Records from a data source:
########################################

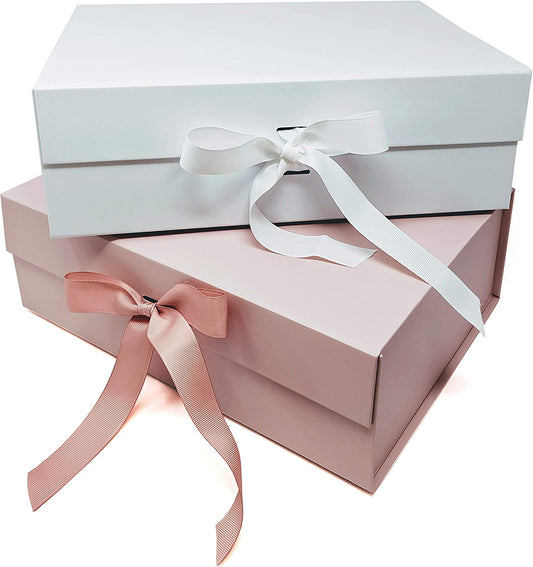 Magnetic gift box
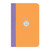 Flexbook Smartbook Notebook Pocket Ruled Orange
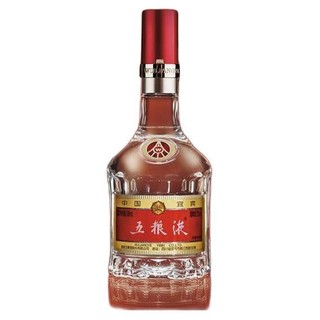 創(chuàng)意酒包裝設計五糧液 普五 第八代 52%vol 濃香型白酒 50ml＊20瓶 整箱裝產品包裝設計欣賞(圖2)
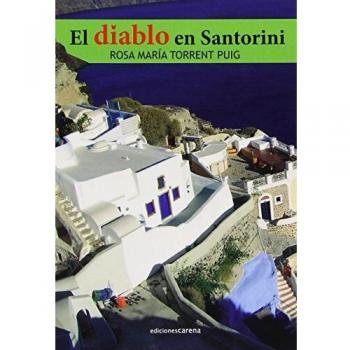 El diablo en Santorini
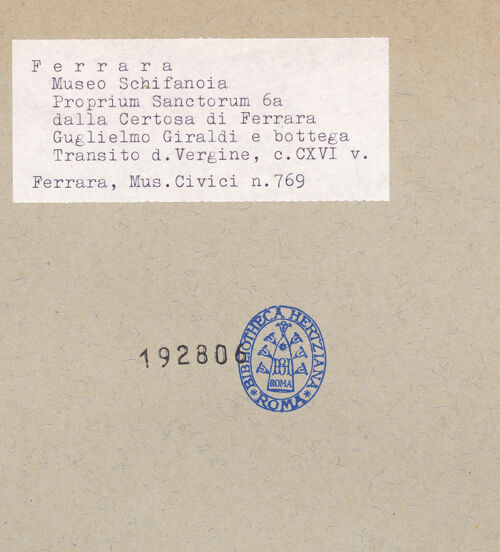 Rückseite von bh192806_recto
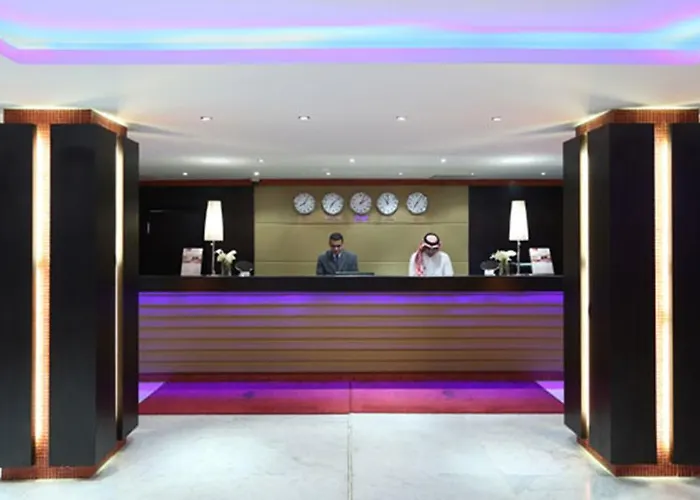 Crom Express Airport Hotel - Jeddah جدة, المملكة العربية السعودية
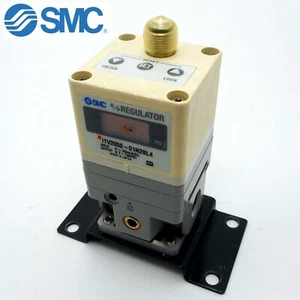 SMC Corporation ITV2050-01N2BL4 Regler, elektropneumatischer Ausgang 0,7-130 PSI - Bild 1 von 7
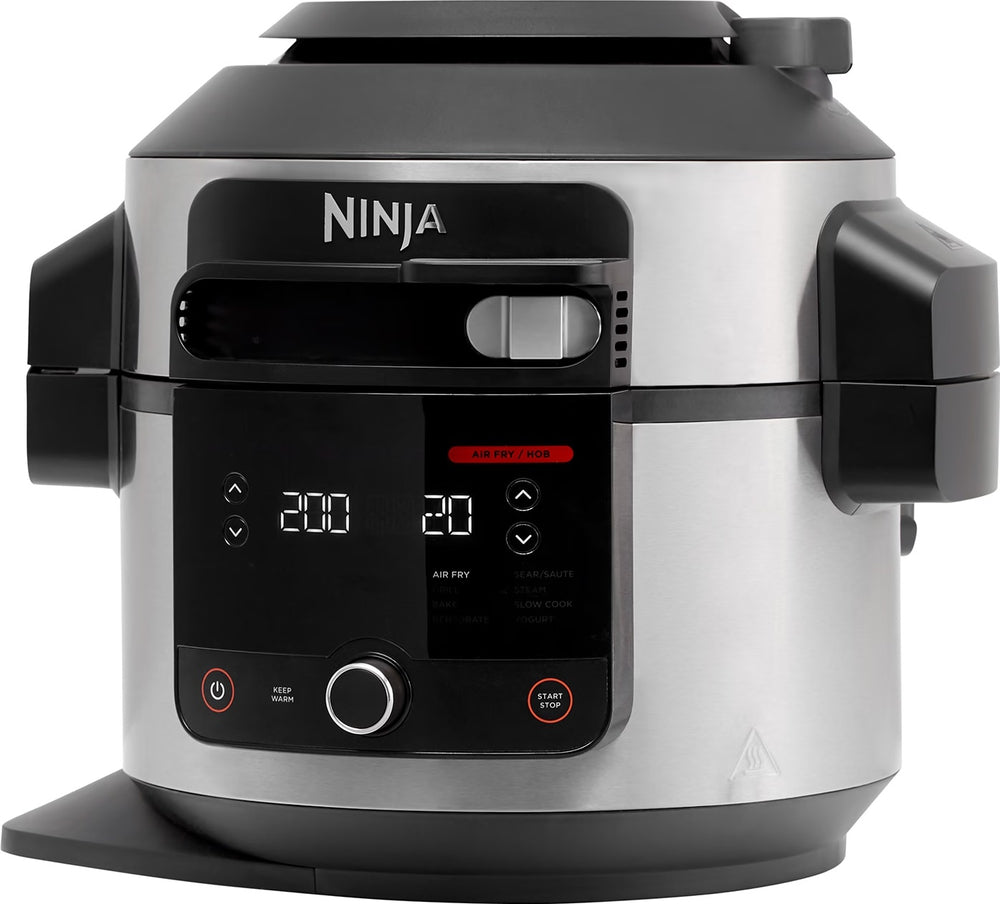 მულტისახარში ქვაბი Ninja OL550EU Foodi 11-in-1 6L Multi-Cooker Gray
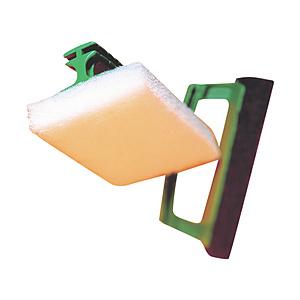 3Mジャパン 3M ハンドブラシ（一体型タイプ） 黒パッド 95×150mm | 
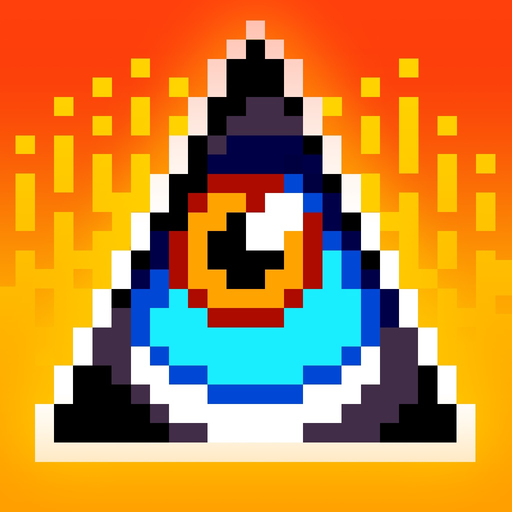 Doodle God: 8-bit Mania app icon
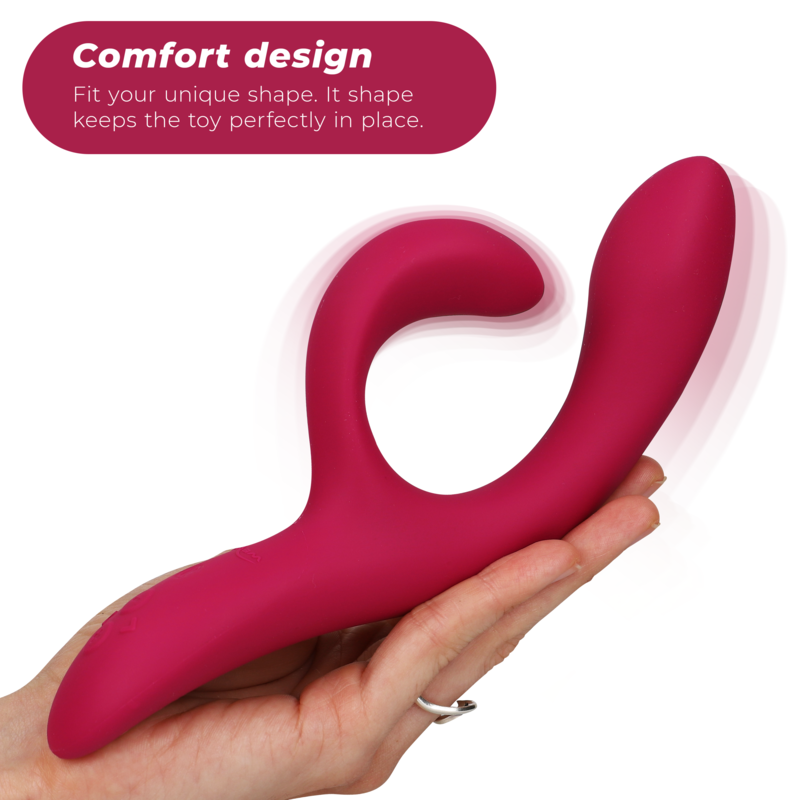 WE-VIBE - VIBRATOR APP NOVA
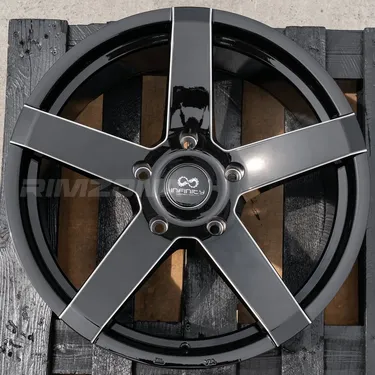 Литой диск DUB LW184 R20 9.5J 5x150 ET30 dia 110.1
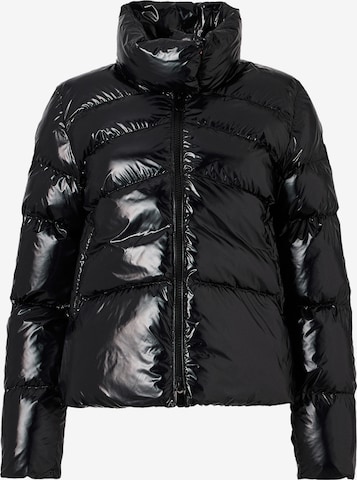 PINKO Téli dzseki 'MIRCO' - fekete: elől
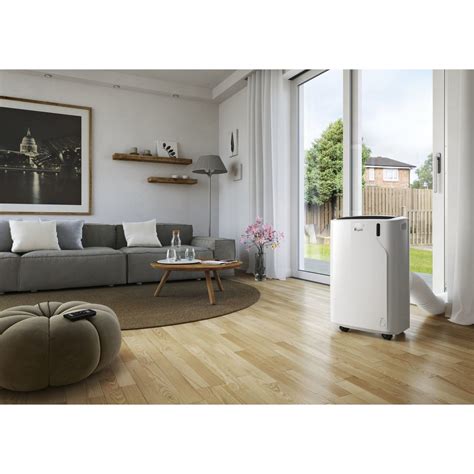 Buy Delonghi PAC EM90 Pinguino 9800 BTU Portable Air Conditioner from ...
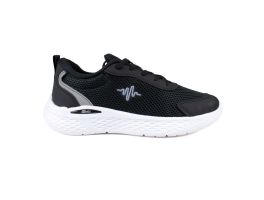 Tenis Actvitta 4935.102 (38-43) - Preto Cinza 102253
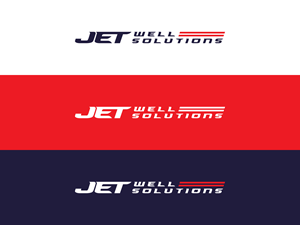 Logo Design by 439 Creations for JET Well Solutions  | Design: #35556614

########################################

Omit the pictures and please write out exactly the lines between the one containing "Tenis Actvitta 4935.102" and the last line of the entries, both included.

§ **RESULT OF THIS EXERCISE**
 Tenis Actvitta 4935.102 (38-43) - Preto Cinza 102253
 Logo Design by 439 Creations for JET Well Solutions  | Design: #35556614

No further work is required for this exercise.